The second Trump administration: Consequences for the ‘rest of us’


The scramble for Europe has begun

Nowhere has the shock been more profound than in Europe, as illustrated by four escalating episodes. The first was the speech delivered by US Vice President Vance at the Munich Security Conference. Whereas Europeans expected a demand for greater burden sharing, the speech instead suggested that the real danger to Europe came from within and that European values themselves were a problem. This unexpected attack on European culture left many puzzled, but it clearly signalled that the Trump administration now regarded Europe very differently.

The second reckoning came with the deriding of President Zelensky in the Oval Office, which cast serious doubt on US support for Ukraine and revealed an increasingly explicit desire to extract concessions and economic rents from Kyiv.

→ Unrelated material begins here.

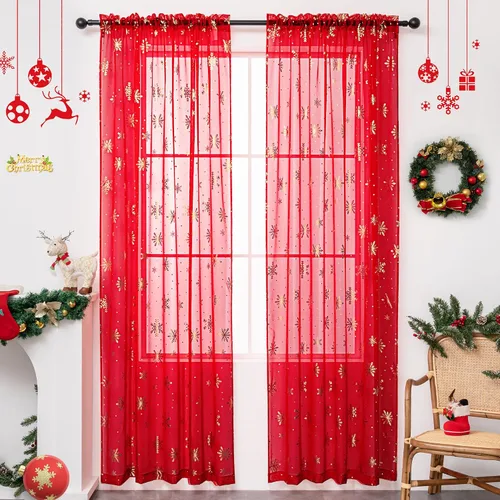 Vista 17 de Cortinas traslúcidas de Navidad para sala de estar, cortinas transparentes con estampado de copos de nieve de lujo, cortinas con bolsillo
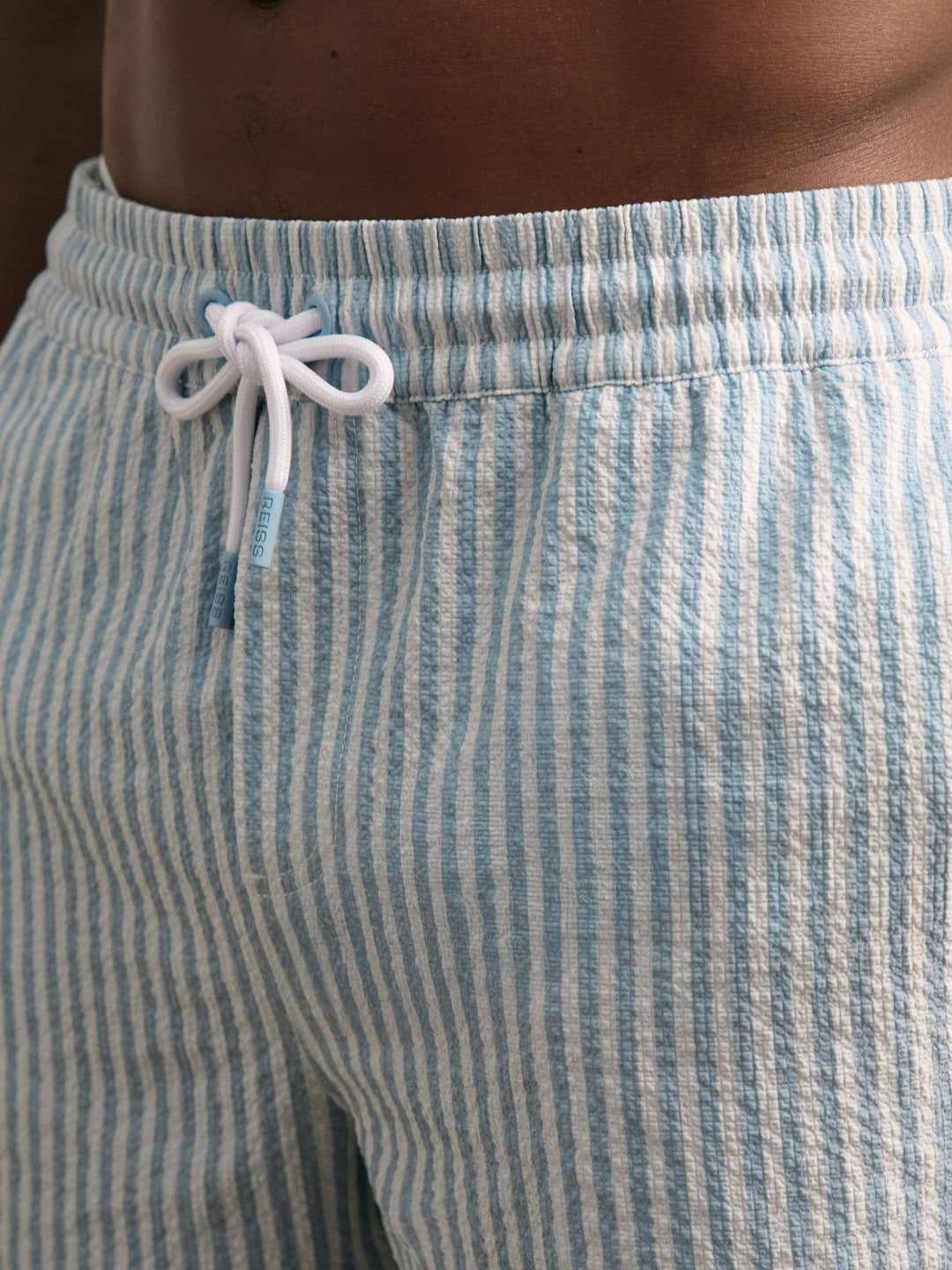 Seersucker Stripe Swim Shorts in Soft Blue/White Men | Reiss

More broadly, it raised questions about US security guarantees and, by extension, the durability of the transatlantic alliance. This moment – coinciding with our work on the first edition of The Economic Consequences of the Second Trump Administration – was a genuine wake-up call. President Macron had long argued that Europe must be capable of defending itself; suddenly his message resonated widely. Germany accelerated its defence commitments, and the EU advanced the SAFE programme alongside proposals for a European Defence Union, common procurement, modernised capabilities, and expanded space and cyber autonomy.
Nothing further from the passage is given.